Comme dans Saint Maud, l’accent sur les corps permet à la cinéaste des embardées surnaturelles, spécifiquement de body horror, par le biais desquelles elle expose de façon organique les angoisses intériorisées des personnages. Si elle n’est pas sans surcharger l’ensemble, cette démarche formaliste outrancière de même que les clins d’œil référentiels permettent à la réalisatrice de substituer à des univers façonnés par les hommes le sien propre. Les quinze dernières minutes assument un cocktail décomplexé, hilarant et inattendu d’humour noir et de détournement de tout un pan de la culture populaire (surtout pulp) qu’on n’est pas près d’oublier.

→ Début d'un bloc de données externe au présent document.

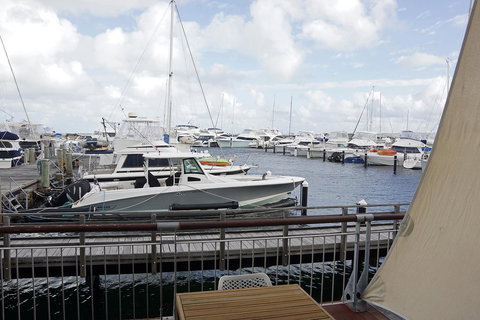 Oceanside 23 - eAccommodation 18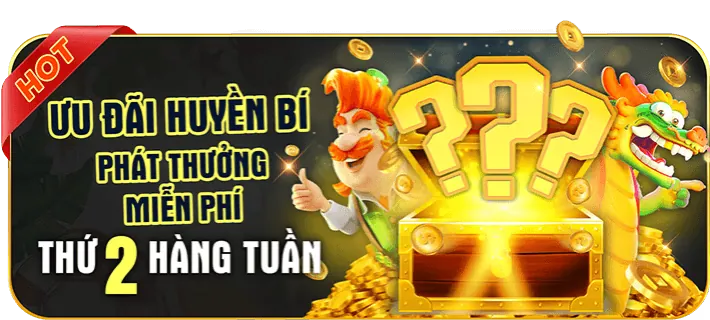 NEW88 ra mắt sự kiện khuyến mãi mùa lễ hội 2026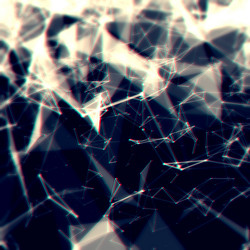 Similar image 11482367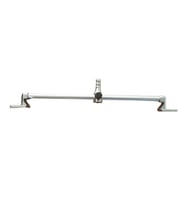 Metal Cam Balkon Stoplama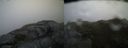 ./images/calvert/buxton2/20140607/buxton220140607_165503M.jpg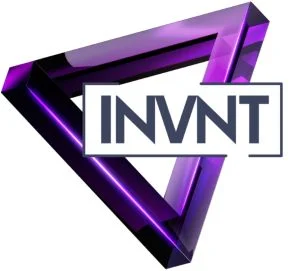 INVNT®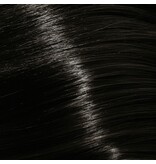 Indola 3.00 Indola verf 60ml.Donker Bruin Intens Naturel #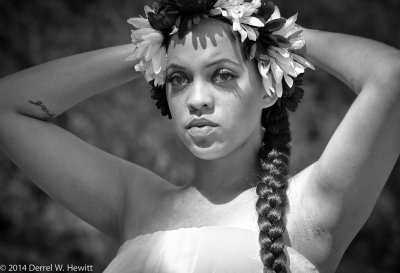 D3X_3984_PREVIEW_3-4.jpg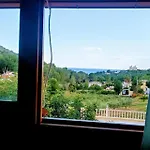 Hébergement de vacances Larnella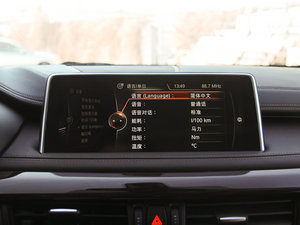 2015xDrive35i  п؅^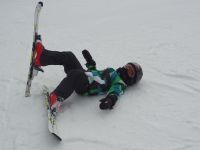 tages schi fahrt flachau 2014 tages schi fahrt flachau 2014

Enfin, le choix qu’a fait Rose Glass d’inscrire son récit au cœur de l’Amérique, elle qui avait à l’origine prévu de filmer son film en Écosse, se révèle d’une grande pertinence, compte tenu du fait qu’elle se réapproprie, à titre de cinéaste, toute la mythologie d’une Amérique d’hommes (l’Americana), mais aussi une certaine stéréotypisation des rêves de succès ou d’accomplissement de soi, et de conquête du territoire. C’est dans ce cadre que ses deux personnages désirent, elles aussi, s’inscrire et y déployer leurs libertés, Jackie en remportant le concours de culturisme, Lou en prenant la route, loin de cette ville située dans le désert et de laquelle elle n’est jamais sortie. C’est là un point essentiel du film : le geste esthétique de Glass n’en est jamais un d’hommage, ou de citation. Au contraire, son geste de réappropriation transcende et dynamite les apparences d’une œuvre que l’on pourrait simplement (et à tort) croire « sous influence ». Sulfureux, son Love Lies Bleeding désire brûler les anciennes icônes de cinéma. Comme dans Saint Maud, un genre de purification par le feu. Cramer les anciens carcans, incendier les anciennes façons de penser, et en imposer une relecture – une relecture au féminin, certes, mais une relecture qui ne répond surtout jamais aux attentes entourant ce que devraient supposément être « les expressions », identitaires, physiques, sexuelles ou instinctuelles, de ce féminin.